Kuran’da Dünya’nın hareket halinde olduğunun haber verilmiş olması, insanın içini ürperten ve insanı düşünmeye sevk eden işaretlerden bir diğeridir. İlgili ayeti inceleyelim.
“Bir de o dağları görür, donuk ve hareketsiz sanırsın; Oysa onlar bulutların yürüdüğü gibi yürümektedirler. İşte bu, her şeyi muhkem ve mükemmel yapan Allah’ın sanatıdır. Muhakkak ki O, sizin yaptığınız her şeyden haberdardır.” (27:88)
Bu ayetin hikmetini öne çıkarmak için, arabada bir arkadaşımızla birlikte seyahat ettiğimizi düşünelim. Saatte 100 km hızla gidiyor bile olsak, arka koltukta yan yana oturduğumuz arkadaşımız bize sabit gözükür. Arabanın hiç yavaşlamadığı ve camdan dışarı bakmadığımız durumda; arabadaki tüm nesnelerin ve kişilerin yerinde sabit durduğunu düşünebiliriz.
Ancak; arabaya dışarıdan bakan biri, bizi ve arkadaşımızı saatte 100 km hızla geçerken görür.
Bu yaklaşımı Dünya’ya uyarlayalım. İnsanlar Dünya üzerinde yürüdüğü ve yerçekimi etkisiyle Dünya’ya yapışmış halde yaşadıkları için, Dünya’nın dönme hızıyla aynı hızda dönmektedir. Dünya’daki diğer tüm canlılar ve nesneler de aynı durumdadır, yani Dünya ile aynı hızda dönmektedir. Hızlar eşit olduğundan; insanlar diğer nesnelere baktığında onları kendi yerinde sabitmiş gibi algılarlar. Ayette dikkat çekildiği gibi; dağlara baktığımız zaman, aynen arabadaki arkadaşımız gibi, dağları da sabit görme illüzyonuna düşeriz.
Ancak; Dünya’ya dışarıdan bakan bir kişi, aynen arabaya dışarıdan bakan biri gibi, Dünya’yı üzerinde dağlar ve diğer şeylerle birlikte hareket eder halde görür. Misal; Dünya üzerinde sabit gözüken dağları hareket halinde görür.
Bunun sebeplerinden biri, Dünya’nın kendi ekseni etrafında dönmesidir. Bir diğeri, Güneş’in etrafında dönmesidir. Güneş’in, etrafındaki gezegenleri de çekim alanında sürükleyerek uzay boşluğunda sürükleniyor olması, bir başka sebeptir.

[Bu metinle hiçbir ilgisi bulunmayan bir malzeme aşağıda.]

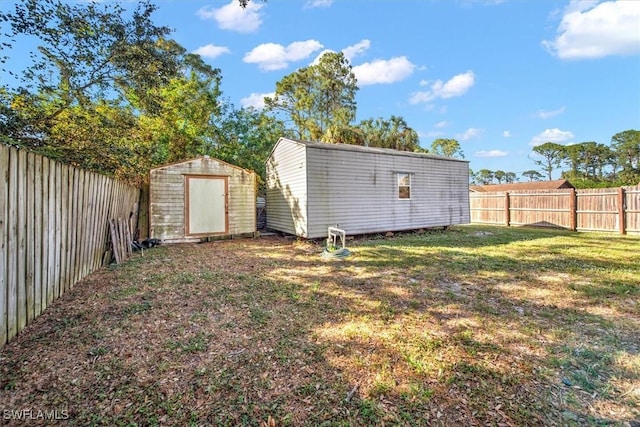 view of yard with a fenced backyard, an outdoor structure, and a storage unit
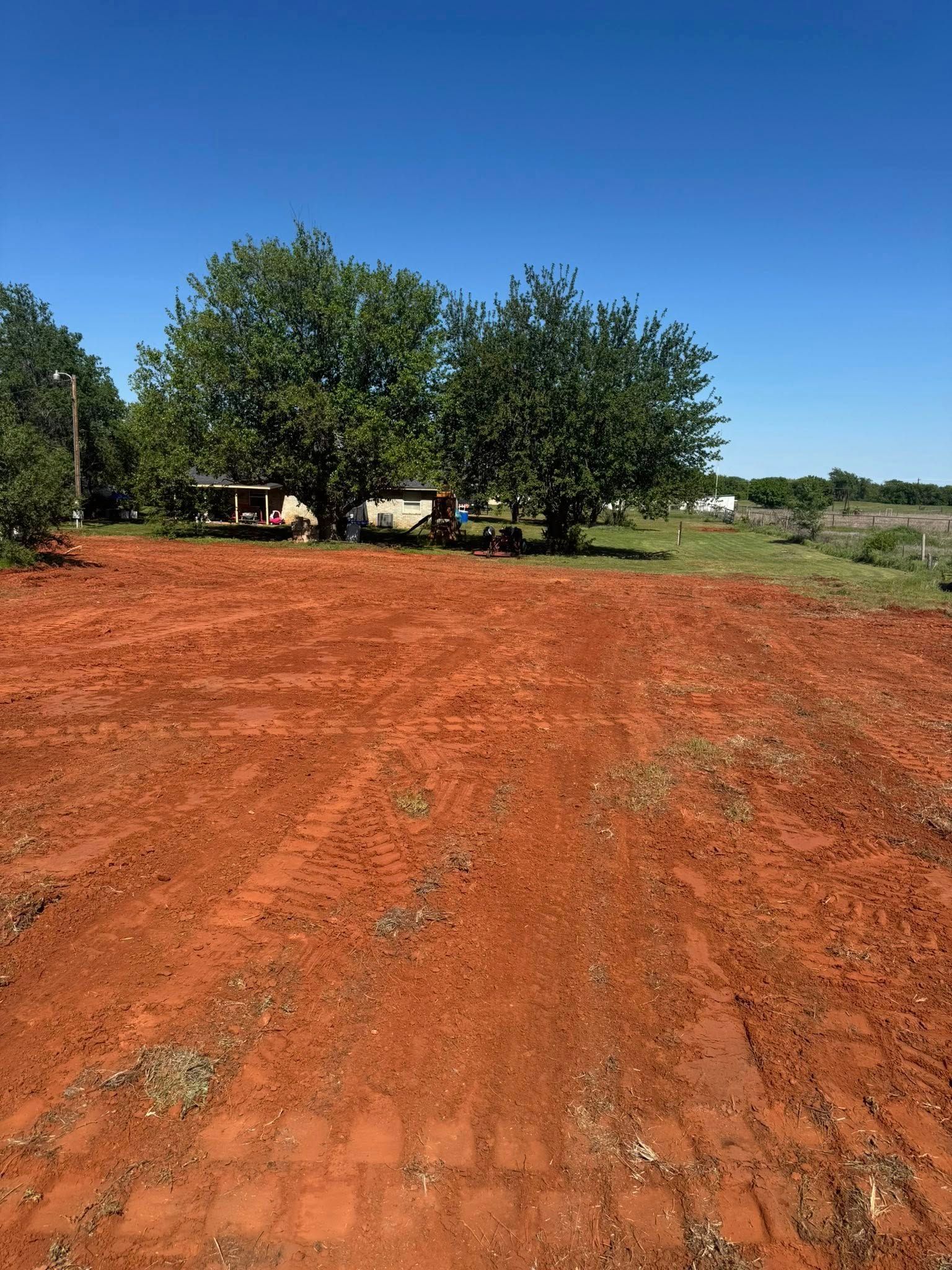 A dirt road going through a field with trees in the background.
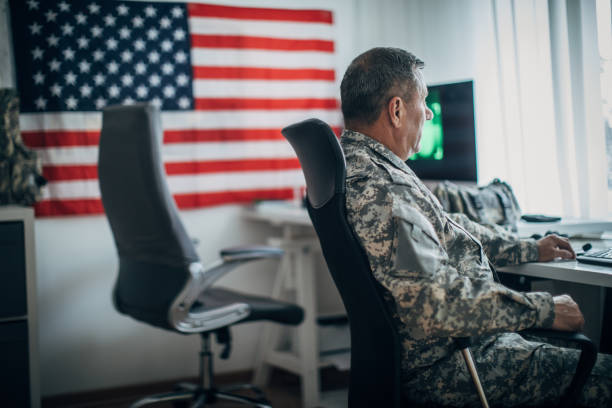 istock American soldier in office 1197290902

Bu ayet; insana sabit gözüken dağların aslında bulutlar gibi yürüdüğünü ifade ederek, hikmeti çağlar sonra anlaşılacak jeolojik bir gerçeğe dikkat çekmiştir.
Dünya’nın döndüğü; 900’lü yıllarda Beyruni, 1400’lü yıllarda Kopernik, 1500’lü yıllarda Galileo tarafından ifade edilmiştir. Daha eski yıllarda aynı gerçeğe ulaşmış ama kayıtlara geçmemiş kişiler de olabilir tabii.
Ancak; Kuran’ın indiği dönemde yaşayan Araplar bu bilgiye sahip miydi? Gökyüzünün direkler üzerinde yükseltildiği ve dağların üzerinde durduğuna inanan bir topluluğun jeolojik vizyonu Dünya’nın döndüğü gerçeğini kapsayabilir miydi?
Bu gerçeğin Kuran’da haber verilmiş olması, Kuran’ın kaynağının insan olmadığına dair dikkate alınması gereken bir işarettir.